Sarcopenia is the age-related loss of muscle mass, strength, and function. Estrogen supports muscle protein synthesis, satellite cell function (the muscle stem cells that repair fibers), and the inflammatory milieu in which muscle adapts to training. When estradiol drops, muscle protein synthesis falls, recovery slows, and the rate of muscle loss accelerates. The countermeasures are resistance training, adequate protein, vitamin D sufficiency, and (when indicated) hormone therapy including low-dose testosterone.
Hydrodilatation is a procedure in which a clinician injects a mixture of saline, corticosteroid, and local anesthetic into the shoulder joint under image guidance. The volume mechanically stretches and ruptures portions of the adhered, fibrosed capsule, the steroid reduces inflammation, and the anesthetic provides immediate pain relief. The procedure is most useful in the "frozen" stiffness-dominated phase and often accelerates the return of range of motion when standard PT and steroid injections have not been enough.
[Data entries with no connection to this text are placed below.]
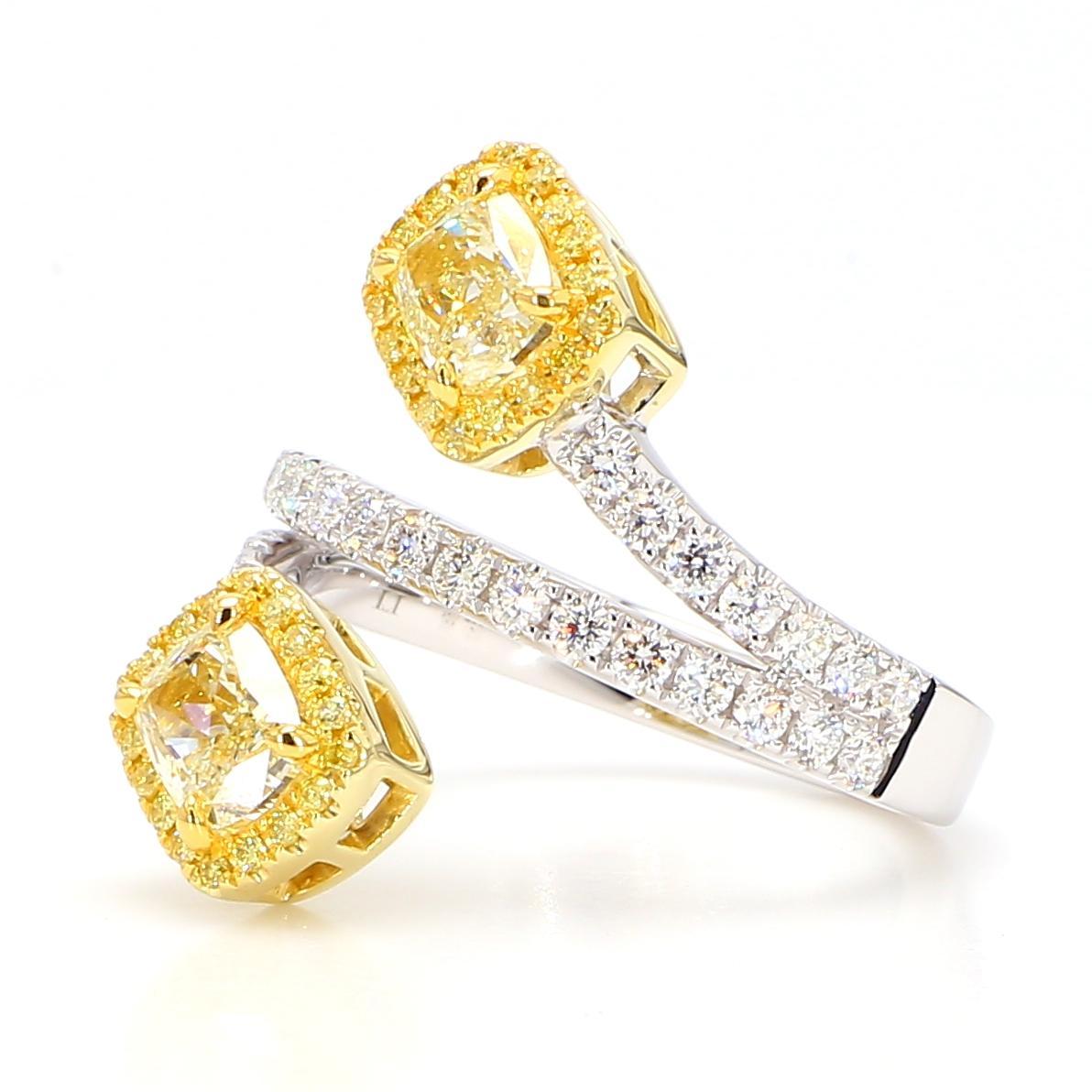 RareGemWorld's beautiful GIA certified diamond ring. Mounted in a beautiful 18K Yellow and White Gold setting with natural cushion cut yellow diamonds. The yellow diamonds are surrounded by round natural yellow diamond melee and round natural white
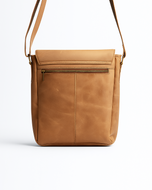 Tan leather crossbody bag on a white background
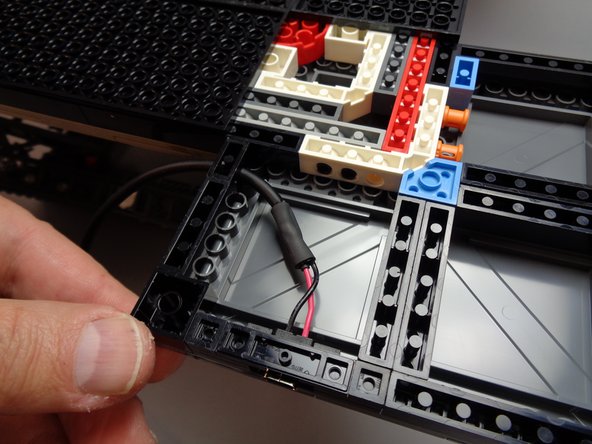 As shown by the green arrow in the first photo, take the black 1x4 brick provided with your Brickstuff kit and place it in the gap next to the power cable.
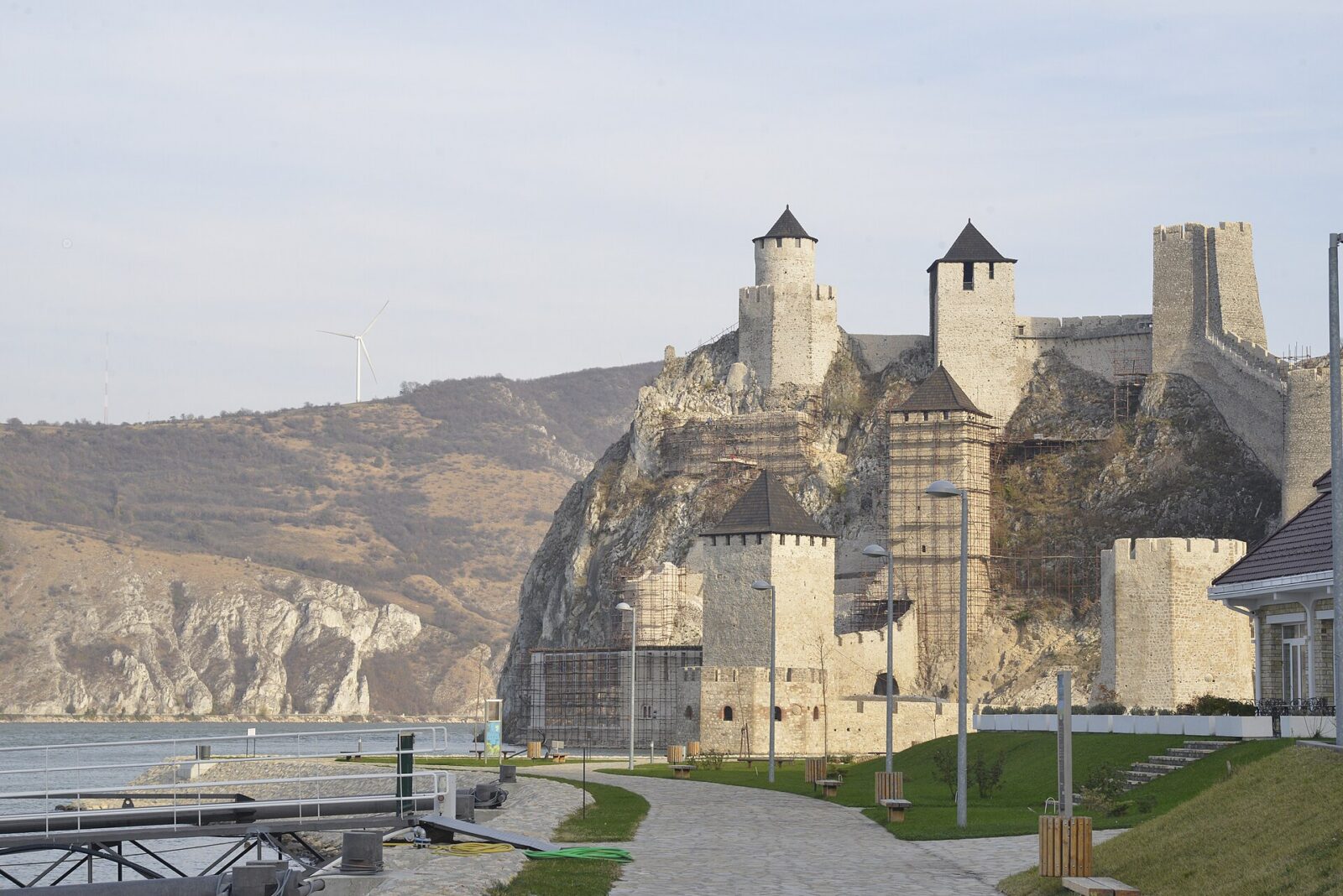 The wide Danube river flowing past Golubac Fortress, seen from below the walls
The timing of starting HRT appears to matter for joint outcomes the same way it matters for cardiovascular outcomes. Starting within the "estrogen window" (typically within 10 years of the last period or before age 60) is associated with better musculoskeletal, cardiovascular, and cognitive outcomes than starting later. The window is not a hard wall, but the evidence suggests earlier intervention captures more of the benefit and carries a more favorable risk profile.
The musculoskeletal syndrome of menopause is driven by estrogen loss and is most prominent in the perimenopause and early postmenopause years; the pain is typically migratory, joint- and tendon-centered, and improves with hormonal and mechanical interventions. Fibromyalgia is a central pain processing disorder with widespread tenderness, fatigue, and cognitive symptoms, often worse with stress and poor sleep, and treated with central nervous system-acting medications, graded exercise, and cognitive behavioral therapy. The two can coexist; both should be looked for in the same patient.